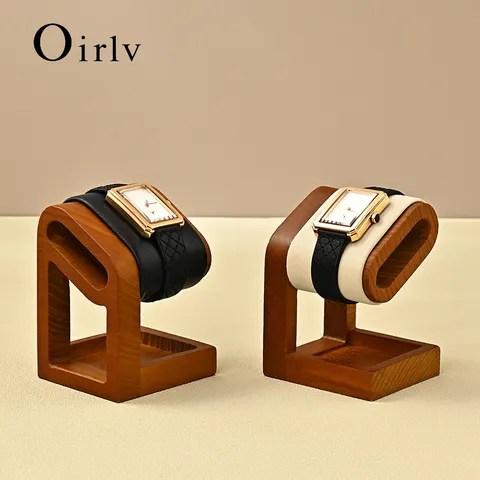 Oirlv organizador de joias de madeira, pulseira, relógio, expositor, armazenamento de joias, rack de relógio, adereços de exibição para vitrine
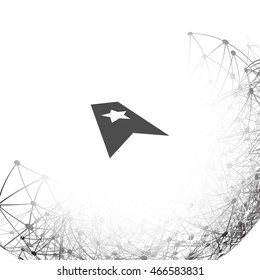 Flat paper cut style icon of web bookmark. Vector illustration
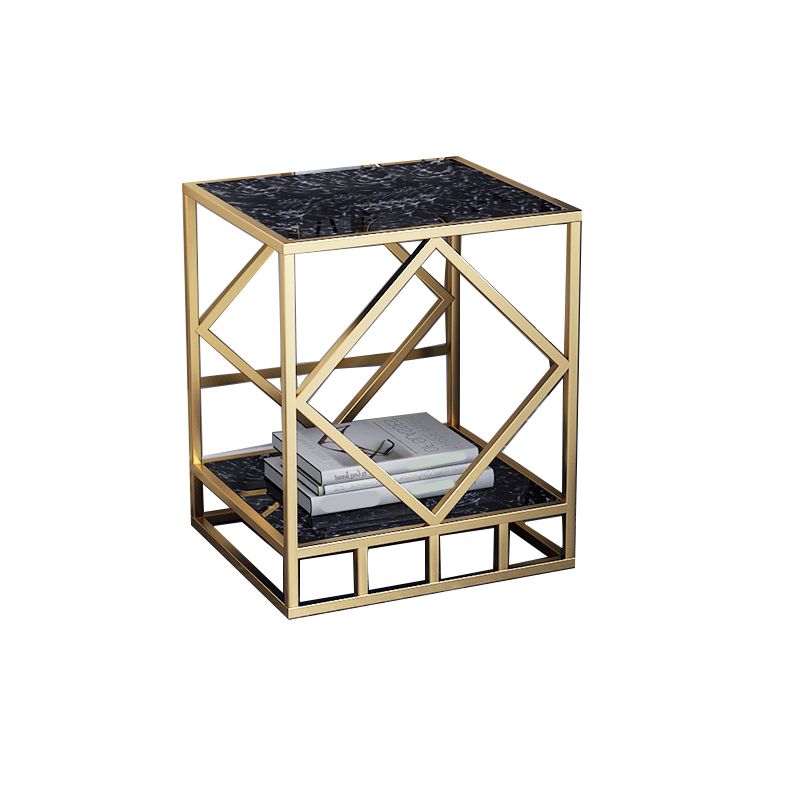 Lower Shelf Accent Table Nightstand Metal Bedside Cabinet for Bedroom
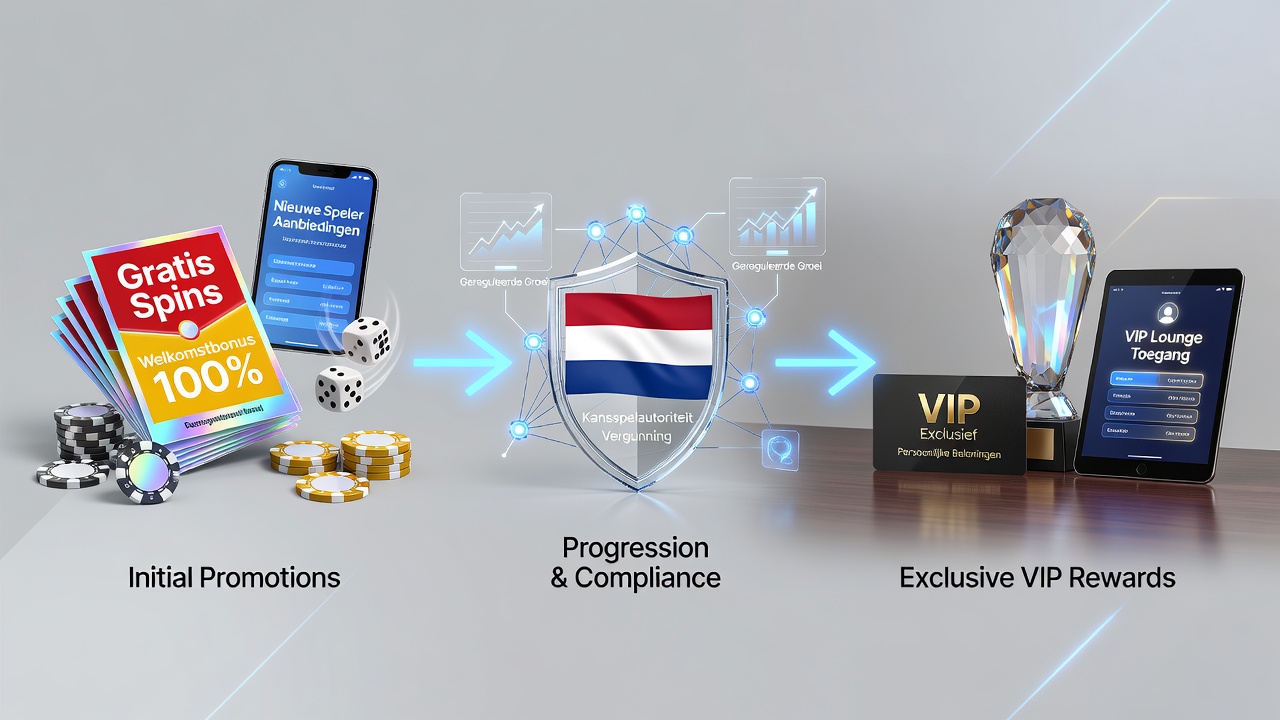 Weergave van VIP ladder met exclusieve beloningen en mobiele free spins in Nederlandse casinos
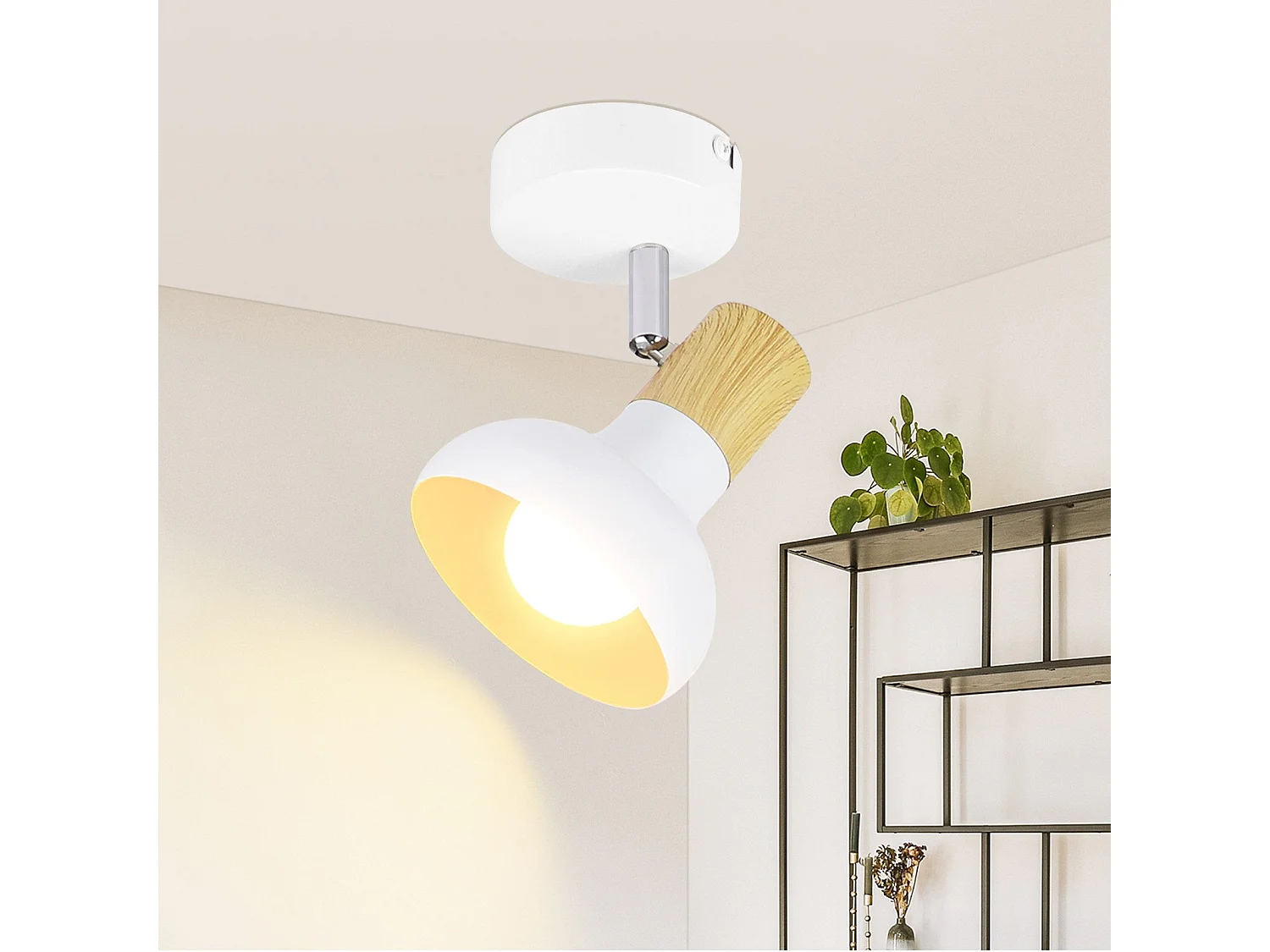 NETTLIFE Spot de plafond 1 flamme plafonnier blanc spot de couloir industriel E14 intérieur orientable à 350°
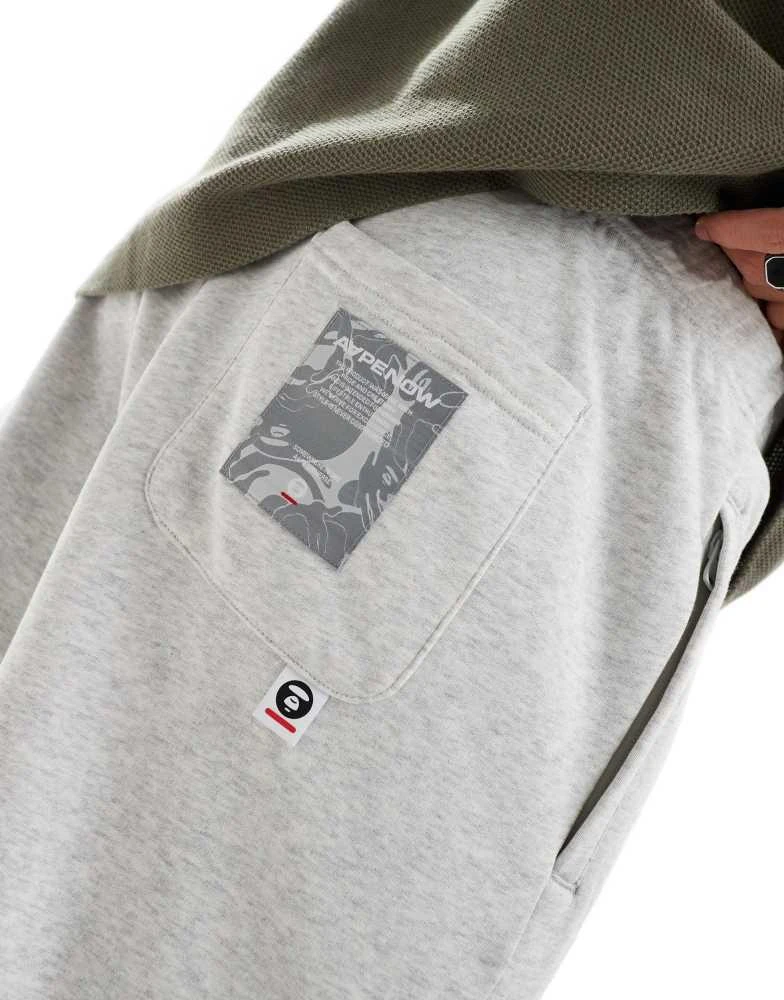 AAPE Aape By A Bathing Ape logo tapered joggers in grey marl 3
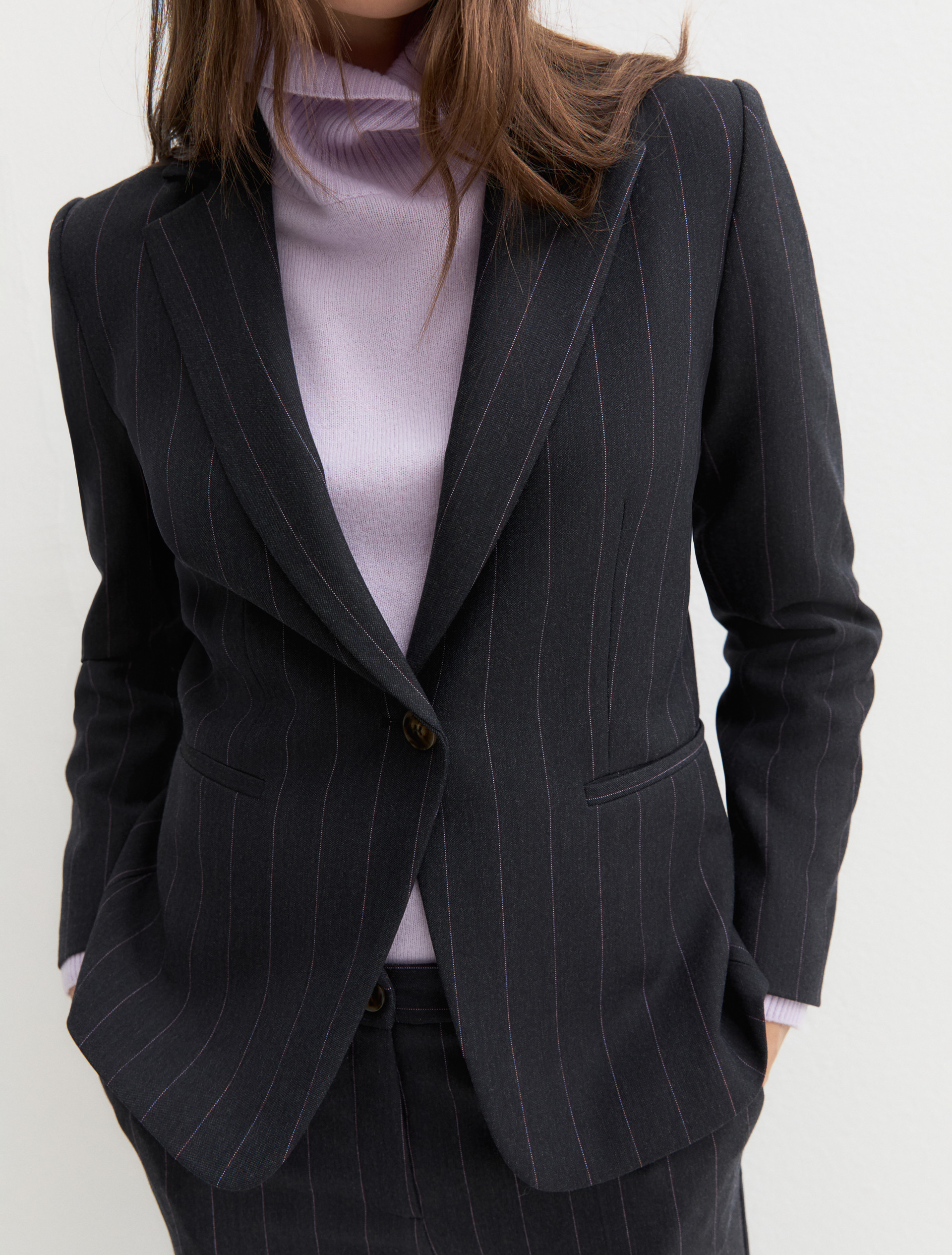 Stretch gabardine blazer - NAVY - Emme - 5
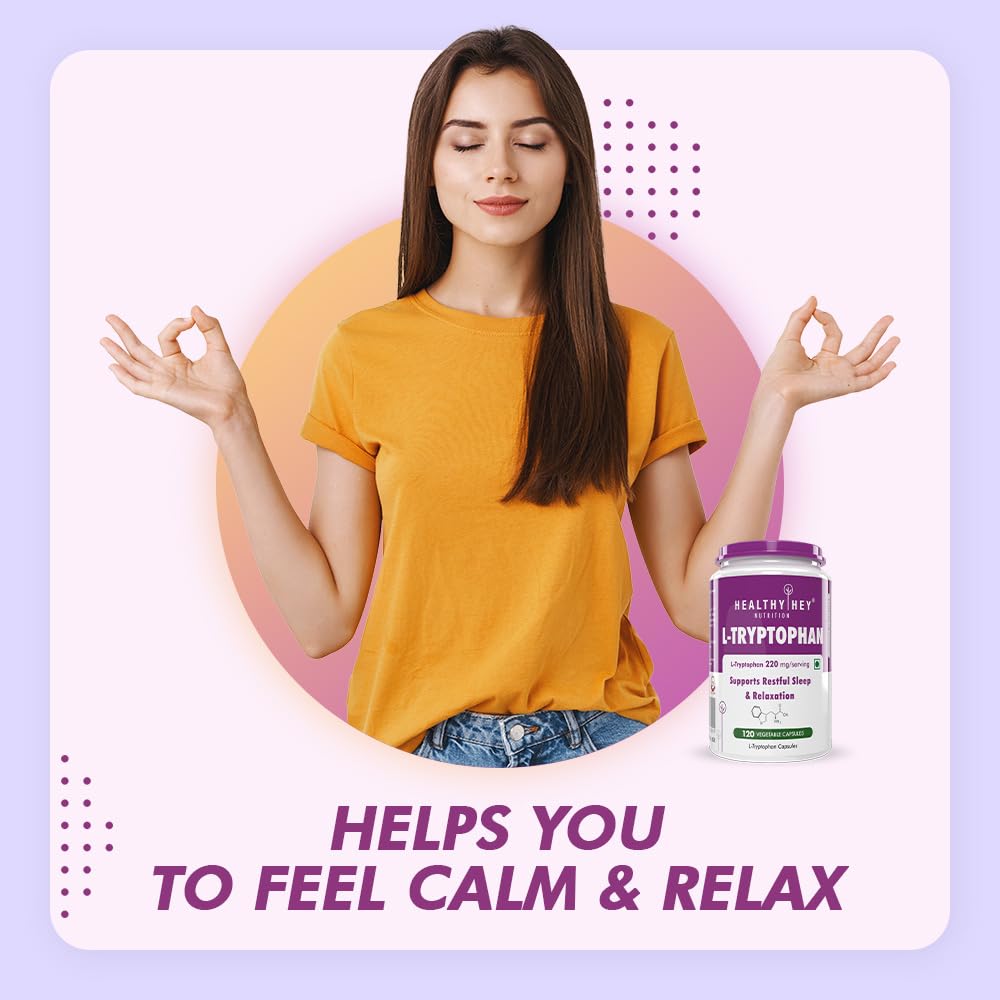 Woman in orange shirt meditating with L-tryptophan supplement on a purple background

○ ○ ○ ○ ○ ○ ○

Work order
A word-for-word repeat is expected of the lines from the one with "Flat paper cut" to the end of the data, both included; pictures are not part of it.

Output of the exercise
 Flat paper cut style icon of web bookmark. Vector illustration
 Lower Shelf Accent Table Nightstand Metal Bedside Cabinet for Bedroom
 Weergave van VIP ladder met exclusieve beloningen en mobiele free spins in Nederlandse casinos
 NETTLIFE Spot de plafond 1 flamme plafonnier blanc spot de couloir industriel E14 intérieur orientable à 350°
 AAPE Aape By A Bathing Ape logo tapered joggers in grey marl 3
 Stretch gabardine blazer - NAVY - Emme - 5
 Woman in orange shirt meditating with L-tryptophan supplement on a purple background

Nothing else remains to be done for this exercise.